Outre les déplacements volontaires, les facteurs environnementaux comme le réchauffement climatique conduiront les populations du Sahel à quitter une région particulièrement frappée par les sécheresses et la désertification
D’après les estimations de la Banque africaine de développement (BAD), 2019 devrait être une nouvelle année de croissance économique pour la sous-région. Toutefois, cette croissance sera très probablement insuffisante pour satisfaire les attentes de millions de jeunes qui rejoignent chaque année le marché du travail. Par ailleurs, cette croissance pourrait même conduire à l’effet inverse et encourager les départs. Les données du Système européen d’analyse stratégique et politique mettent en évidence une relative corrélation entre hausse du Produit intérieur brut (PIB) en Afrique subsaharienne d’une part, et augmentation des mouvements migratoires au sein du continent, et en direction de l’Union européenne d’autre part.

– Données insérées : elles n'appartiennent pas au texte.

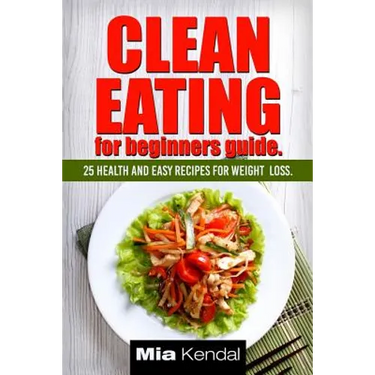 Clean Eating for beginners guide.: 25 health and easy recipes for weight loss.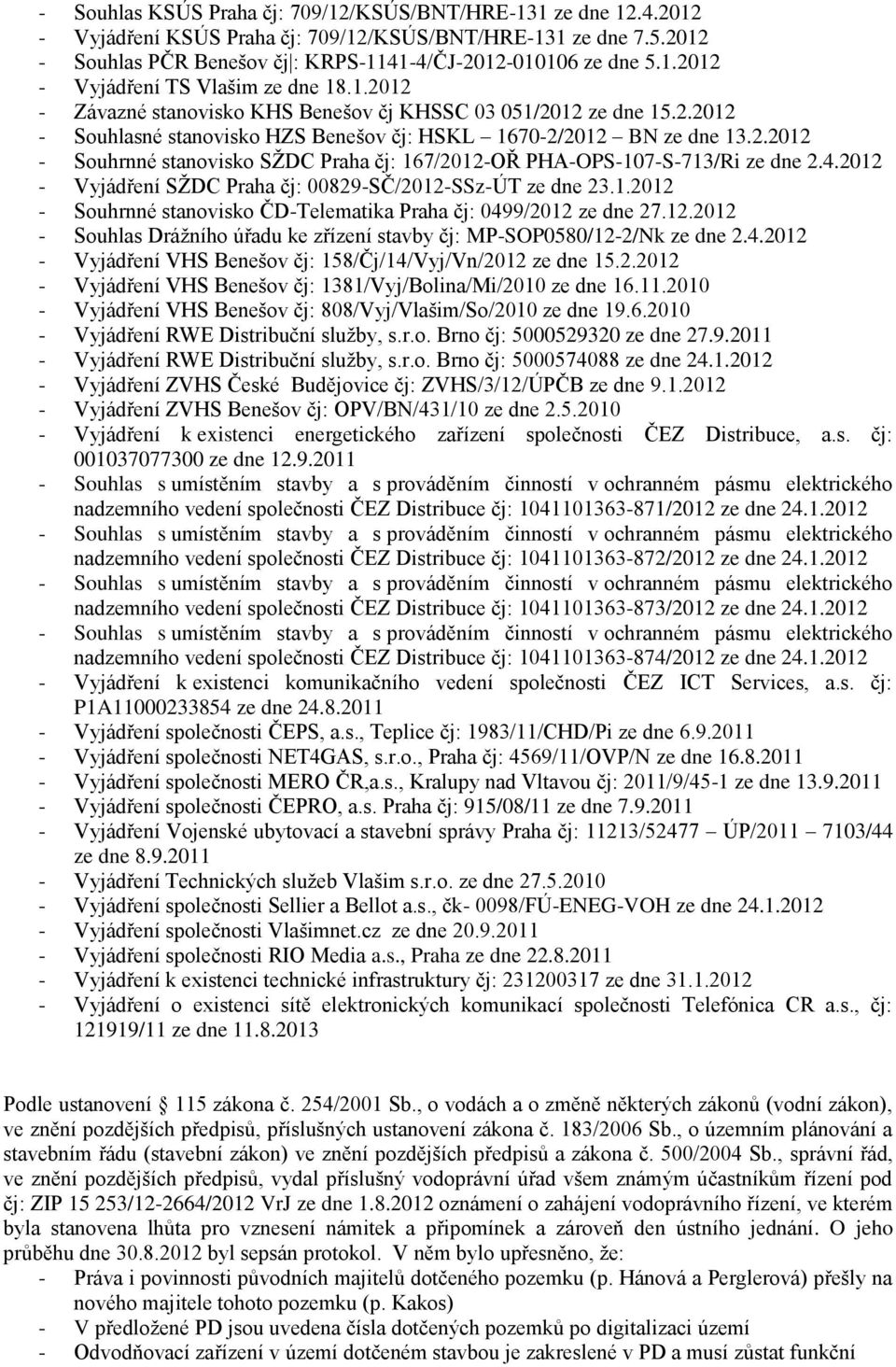 4.2012 - Vyjádření SŢDC Praha čj: 00829-SČ/2012-SSz-ÚT ze dne 23.1.2012 - Souhrnné stanovisko ČD-Telematika Praha čj: 0499/2012 ze dne 27.12.2012 - Souhlas Dráţního úřadu ke zřízení stavby čj: MP-SOP0580/12-2/Nk ze dne 2.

Outre les déplacements volontaires, les facteurs environnementaux comme le réchauffement climatique conduiront les populations du Sahel à quitter une région particulièrement frappée par les sécheresses et la désertification. De nombreux éleveurs nomades sont obligés de se diriger vers les régions méridionales pour y trouver eau et terres fertiles. Cet exode peut être source de conflits avec les agriculteurs locaux comme au Nigeria où, selon Amnesty International, 3 600 personnes ont perdu la vie depuis 2016 dans des violences liées aux mouvements de transhumance.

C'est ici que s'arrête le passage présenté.